The key advantage of the proton battery lies in its ability to avoid using lithium altogether, thus mitigating potential issues related to the projected lithium shortage and reducing dependence on China in the battery supply chain. Additionally, this alternative energy storage system addresses various end-of-life concerns associated with conventional batteries.
The proton battery operates differently from traditional hydrogen systems. It works akin to a reversible fuel cell, accepting water during charging and releasing oxygen while splitting positively-charged hydrogen ions. Instead of letting these ions combine into H2 gas and employing energy-intensive processes like compression or super-cooling, the proton battery stores the hydrogen protons directly and immediately. It accomplishes this by utilizing a solid, porous activated carbon electrode soaked in a dilute acid.
In their latest research, the RMIT team focused on improving the oxygen-side reactions of the proton battery. They incorporated several innovative ideas, including vacuum drying of the activated carbon powder before electrode preparation, mild heating of the cell during operation, and using a thinner gas diffusion layer (GDL) fiber sheet on the oxygen side. These enhancements yielded remarkable results, enabling the proton battery to store nearly three times as much energy per weight compared to previous iterations.
With an energy density of 882 joules per gram, equivalent to 245 Wh/kg, the proton battery is now on par with current commercial lithium batteries. When this technology becomes commercially available, it will offer numerous advantages. The proton battery provides a safe and stable means of transporting hydrogen, eliminating the need for high-pressure gas or cryogenic liquids. It is designed for longevity and quick charging, making it a practical solution for various applications.
The proton battery’s price will also be a game-changer because it uses carbon, a plentiful and affordable material, rather than rare and expensive metals like lithium, cobalt, or vanadium. A sustainable approach to energy storage is further ensured by the proton battery’s complete recyclable nature.
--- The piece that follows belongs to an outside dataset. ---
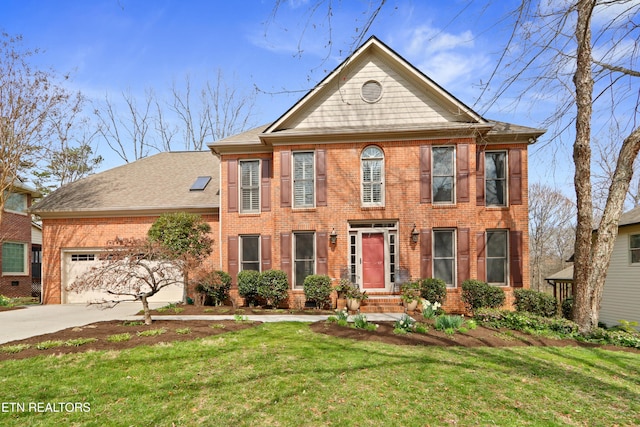 view of front of house featuring a front lawn, an attached garage, brick siding, and driveway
Lead researcher and RMIT Professor John Andrews highlighted the potential of this technology, stating that it already exhibits energy-per-unit mass comparable to existing lithium-ion batteries while being safer and more environmentally friendly. Moreover, it boasts energy efficiency similar to lithium-ion batteries, and even more so than conventional hydrogen systems.
While further optimization and system design are underway, the RMIT team is committed to commercializing the proton battery. Collaborating with Eldor Corporation in Melbourne and Italy, they aim to develop a prototype battery capable of meeting the energy storage needs of various domestic and commercial applications. Scaling up the system from watt to kilowatt and ultimately to megawatt capacity is the ultimate goal, promising a cleaner and more efficient future for energy storage and transportation.